Sunday, May 21, 2006

Free Speech at New School

John McCain caused quite a stir at (note the use of the anarthrous premodifier, FU Mark Steyn) liberal New School University in New York giving the same speech he compromised his "principles" to give at Rev. Falwell's Liberty University.

A student, Jean Rohe (via Atrios), who was selected to speak at her commencement, used the content of his earlier speech to mock him, and he was roundly booed by the students. Hardly a surprising event. It is expected that a fake maverick Republican speaking at a liberal college is going to be jeered.

McCain knew this.
McCain's top political adviser, John Weaver, said the protests were "not unexpected."

But here's what makes McCain even more of a boob hack conservative Republican pretending to be a maverick. The typical bullshit about lack of free speech on campuses.
"It's not uncommon on a liberal campus that free speech is a theory in the classroom only," Weaver said.

No one stopped McCain from speaking. No one stopped the students from registering their protests. Free speech was robustly in attendance at New School University that day. Both sides were rude. The students booed, and McCain told them they were full of themselves and should respect their wiser elders.

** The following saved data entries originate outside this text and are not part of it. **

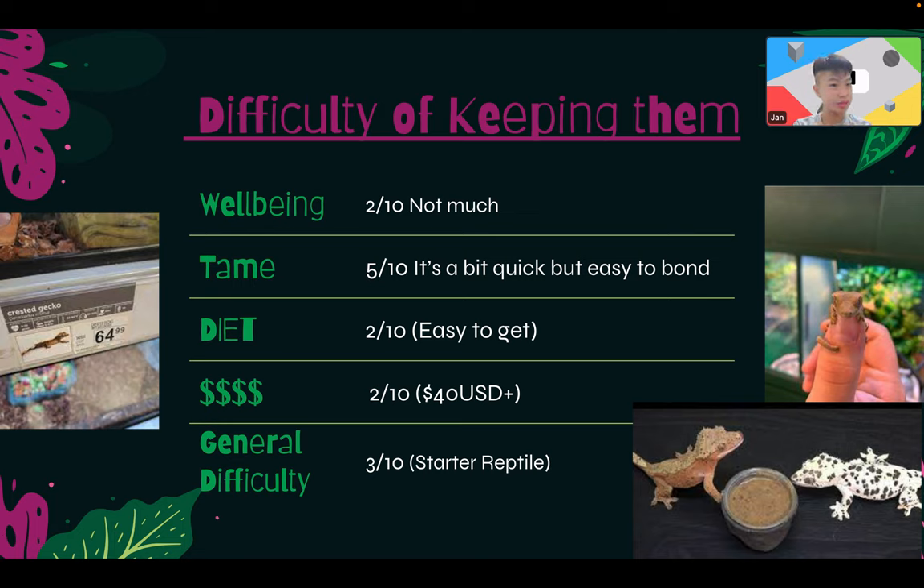Difficulty of keeping them: overall not much, it's already one of the toughest animals and can survive in pretty varied conditions. Health issues are rare, and if there is one it's usually already a very bad situation. Just spray some water, feed some worms, and you'll be good. Taming is quick when young, and when older they get chubby and easy to bond with — regular handling is key. Diet is very easy to get from any pet shop.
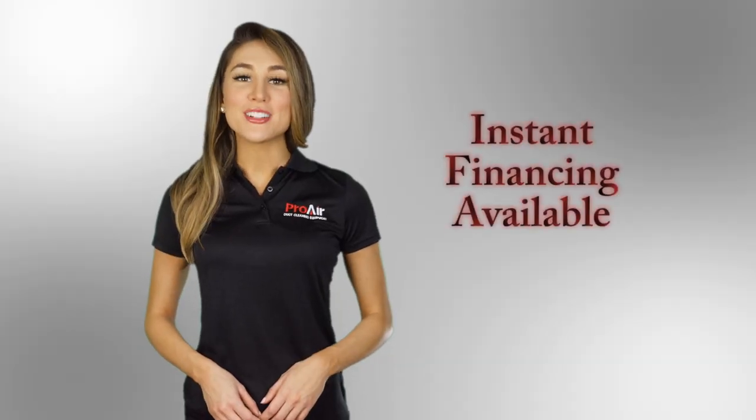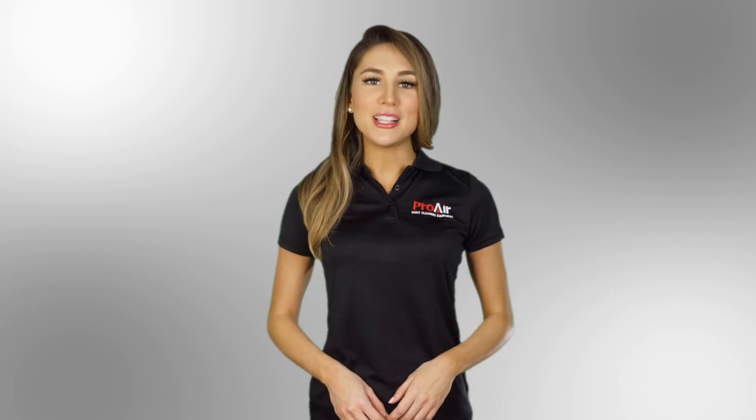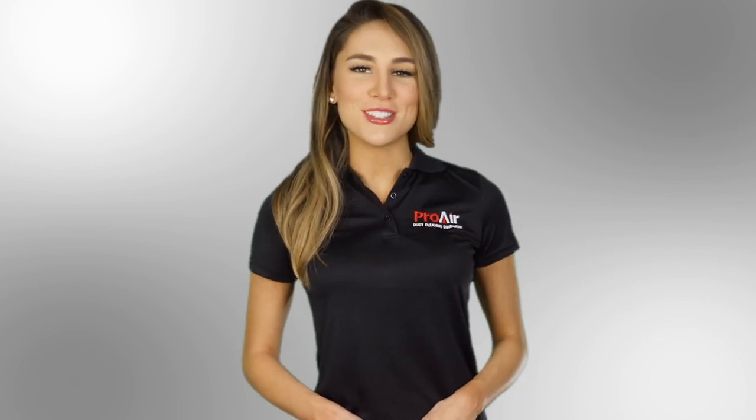Our leasing program offers instant financing and is available in the link below. When purchasing our system, you will have access to our extensive online training as well as our personal customer service hotline. Email us if you have any questions about our equipment or our purchase options.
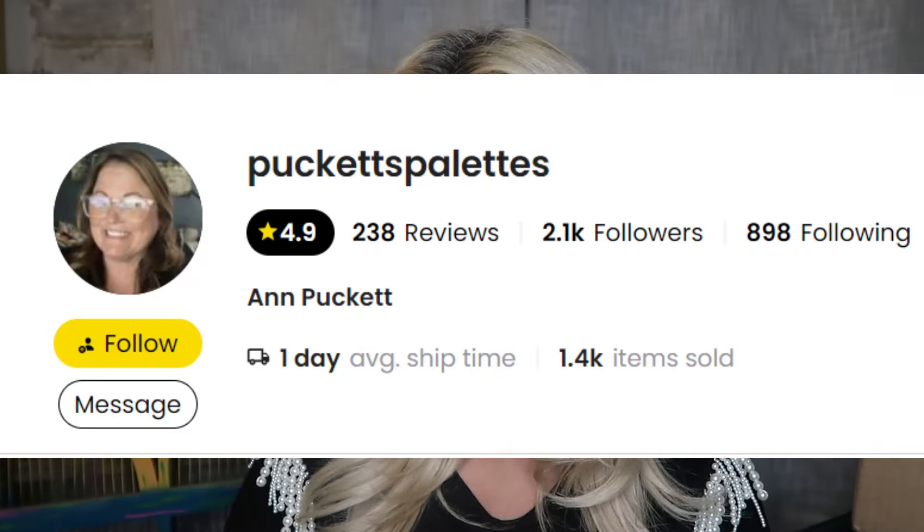This first package is from a Whatnot user named Puckett's Palette. Looks like I ordered four things — one for $7, a $7, a $7, and a $3 item, so I spent $24 total in this seller's auction. Oh, automatically we have some Chanel. Did I just tell you guys I got four items for $24 and we already have Chanel products?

I have always loved the British form of arguing. They are like bloggers in spoken form. They make cogent, well-organized, substantive arguments sprinkled liberally with invective and snark. Just watch Q&A time with the Prime Minister; note the harumphs of dissent.

I recall watching a raucous debate that involved British university students, members of the American media and students from Northwestern University many years ago (probably early to mid 90s). The Northwestern students would yield for questions and were serious-minded about the debate. The American media members had a little better speaking style, would yield for questions, and had some clever rejoinders. But the Brit ... specifically I recall someone asking if he would yield for a question, to which the Brit said, "Why don't you go sit in the car and bark at strangers?" Then he continued his argument.

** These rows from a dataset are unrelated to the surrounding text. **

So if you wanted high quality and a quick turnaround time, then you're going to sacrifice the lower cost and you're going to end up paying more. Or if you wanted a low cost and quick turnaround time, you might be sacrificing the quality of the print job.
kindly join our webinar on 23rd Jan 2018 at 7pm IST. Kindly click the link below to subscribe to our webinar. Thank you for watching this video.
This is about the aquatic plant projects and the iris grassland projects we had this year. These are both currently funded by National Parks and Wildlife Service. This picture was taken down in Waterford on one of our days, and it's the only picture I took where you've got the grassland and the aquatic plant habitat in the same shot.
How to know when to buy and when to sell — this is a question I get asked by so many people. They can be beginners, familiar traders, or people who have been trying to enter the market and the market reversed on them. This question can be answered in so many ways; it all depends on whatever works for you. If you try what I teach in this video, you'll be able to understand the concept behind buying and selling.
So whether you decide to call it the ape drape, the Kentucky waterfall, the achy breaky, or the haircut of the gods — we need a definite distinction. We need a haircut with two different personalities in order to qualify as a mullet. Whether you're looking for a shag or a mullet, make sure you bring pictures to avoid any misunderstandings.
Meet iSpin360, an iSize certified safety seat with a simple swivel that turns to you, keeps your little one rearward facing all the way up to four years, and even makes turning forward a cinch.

People like John Weaver and Richard Cohen have delicate sensibilities more suited to tea and biscuits on the sofa with a Jane Austen novel (a lovely way to spend a rainy afternoon, IMHO, but not a great way to deal with the public).

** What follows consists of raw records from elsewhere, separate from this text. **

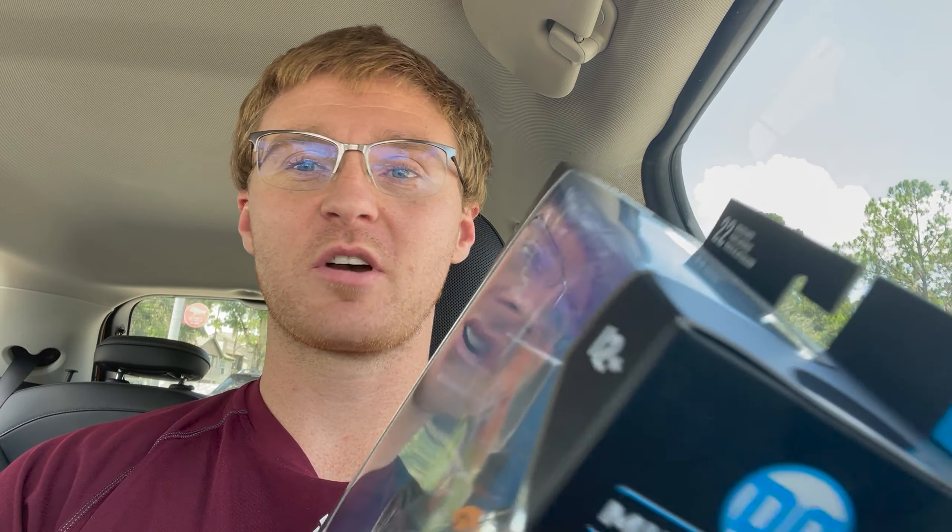It's probably one of the coolest figures I've seen besides like the Green Lantern Batman one — that one's pretty cool. I'm gonna go to Marshall's, Five Below, and Ross, so we'll see you there.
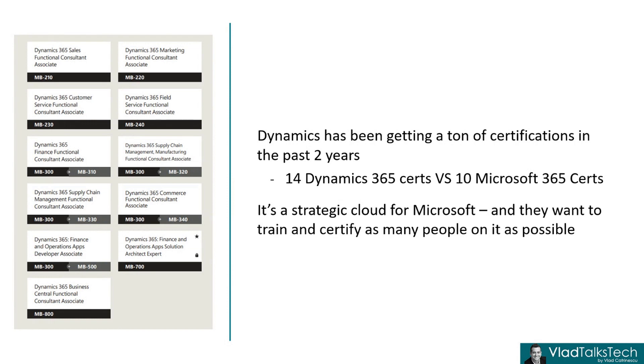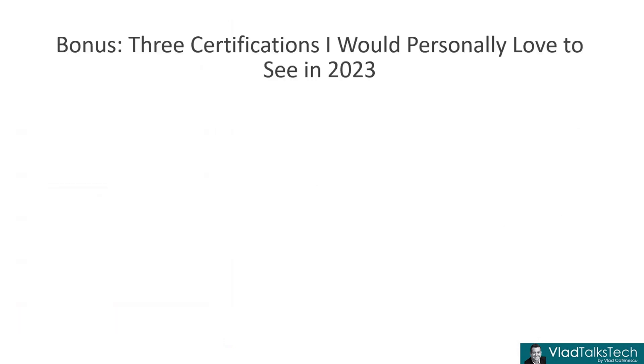Those are the three certifications I think will happen in 2023. Let me add a quick bonus — this is more of a wish list than an educated guess, and for those who watched the 2022 video, it's the same wish list. First of all, a Microsoft Viva Fundamentals. Last time I was hoping this would happen — we only had Viva Topics, Viva Insights, Viva Learning, and Viva Connections. Now in the past six months we also have Viva Engage, Viva Amplify, and Viva Pulse. So we have so much more content in Microsoft Viva.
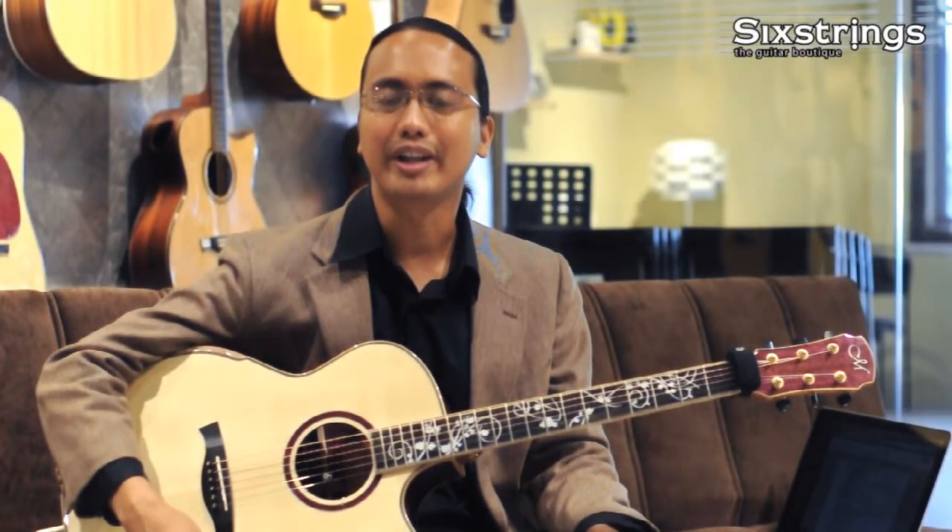Hi, my name is Az Samad and welcome to another installment of Guitar Lessons With Me. I'm here to help you become a better guitar player. One thing that a lot of people ask me is, how do you learn something new? What are the steps?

Update: I particularly liked this part of Jean Rohe's HuffPost piece:
More importantly, I feel obligated to respond to one thing that McCain told the New York Times. "I feel sorry for people living in a dull world where they can't listen to the views of others," he said. This is just preposterous. Yes, McCain was undoubtedly shouted-out and heckled by people who were not politely absorbing his words so as to consider them fully from every angle. But what did he expect? We could've all printed out his speech and chanted it with him in chorus. Did he think that no one knew exactly what he was about to say? And it was precisely because we listen to the views of others, and because, as I said in my speech, we don't fear them, that we as a school were able to mount such a thorough and intelligent opposition to his presence. Ignorant, closed-minded people would not have been able to do what we did. We chose to be in New York for our years of higher education for the very reason that we would be challenged to listen to opposing viewpoints each and every day and to deal with that challenge in a nonviolent manner. We've gotten very good at listening to the views of others and learning how to also make our views heard, even when we don't have the power of national political office and the media on our side.